奇跡のバランスで成り立つバンドという集合体
──バンドと仕事の両立というテーマも本作では触れられていますけど、それもごく当然のこととして、割とさらっと描くにとどまっていますね。
川口:TAKEくんも映画のなかで言ってたように、本心は仕事をやめて好きなことだけで生きていきたいんじゃないかと思うんですけどね。
渋川:俺はその部分で伊藤には葛藤があると思いますよ。働きながらバンドをやるのが大事って言うか。
伊藤:葛藤はありますよ。音楽だけで食っていくようになると歌詞の説得力がなくなるんじゃないかと思ったりもするし、でも働くのは面倒くせぇなと思ったりもするし。
川口:その感じがそのまま映ってると思うけどね。このままでいいとも思わないけど、それがイヤだって感じはしないから。
伊藤:イヤだって感じは全然ないですね。ただ、もう少しバイトを減らせたらいいなとは思うけど。パチンコをやらなければもうちょっと減らしてもいいんですけどね。
川口:パチンコをやめればいいじゃん(笑)。まぁ、この映画自体がパチンコで擦った話から始まりますからね。ああ、このジャンルの連中か…って感じがあると思うんですよ。
伊藤:あれ、給料日でしたからね。仕事をした意味がまるでない。
川口:結局、そういうことを繰り返しつつも、悲壮感がないんだよね。
渋川:そうですよね。OLEDICKFOGGYはそういう部分で悲壮感が全くない。
伊藤:パチンコをやってる時にけっこう曲が思いついたりするから、やめられないんですよ。あと、俺だけパチンコやってると多分ダメで、みんなああいう感じだからお互いの気持ちが分かるし、バンドを楽しくできてる気がする。一人だけお金に困ってないみたいな感じだと温度差が出て、つまんなくなって良くない。
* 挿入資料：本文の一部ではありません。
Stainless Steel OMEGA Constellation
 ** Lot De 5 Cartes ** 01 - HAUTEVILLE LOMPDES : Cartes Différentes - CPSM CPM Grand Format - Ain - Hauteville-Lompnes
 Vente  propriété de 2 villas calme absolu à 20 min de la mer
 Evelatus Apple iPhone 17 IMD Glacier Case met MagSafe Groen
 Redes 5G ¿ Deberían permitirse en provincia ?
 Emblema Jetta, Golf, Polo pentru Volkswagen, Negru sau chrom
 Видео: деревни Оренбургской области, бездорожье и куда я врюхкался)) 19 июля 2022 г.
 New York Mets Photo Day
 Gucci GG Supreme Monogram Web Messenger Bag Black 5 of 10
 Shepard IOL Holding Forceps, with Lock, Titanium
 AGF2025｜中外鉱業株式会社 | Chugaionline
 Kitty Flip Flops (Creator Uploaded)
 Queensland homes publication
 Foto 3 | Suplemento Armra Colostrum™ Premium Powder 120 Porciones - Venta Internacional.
だからみんなパチンコをやってて良かったです。
渋川:でも、TAKEはパチンコやんないだろ?
伊藤:やんないっすね。酒も呑まないし。その代わりよく食べるし、呑み屋に行っても馬刺しとか珍味の高いのばっかり頼むから高くつく。
川口:だけど、そういうところがいいんじゃないかと思って。みんな似てるけど微妙にニュアンスが違うし、似た者同士のなかでTAKEくんだけ変わってるっていう全体のバランスがいいと思った。一番付き合いの古い伊藤くんとの関係性も光と影みたいで面白いしね。そんなことを言ったら、TAKEくんに「俺、影じゃないですよ」って言われそうだけど(笑)。でも、バンドってそういう奇跡のバランスで成り立ってるものだしね。
渋川:面白いよね。(四條)未来の前にバンジョーをやってた岸くんもいまだに付き合いが続いてるし。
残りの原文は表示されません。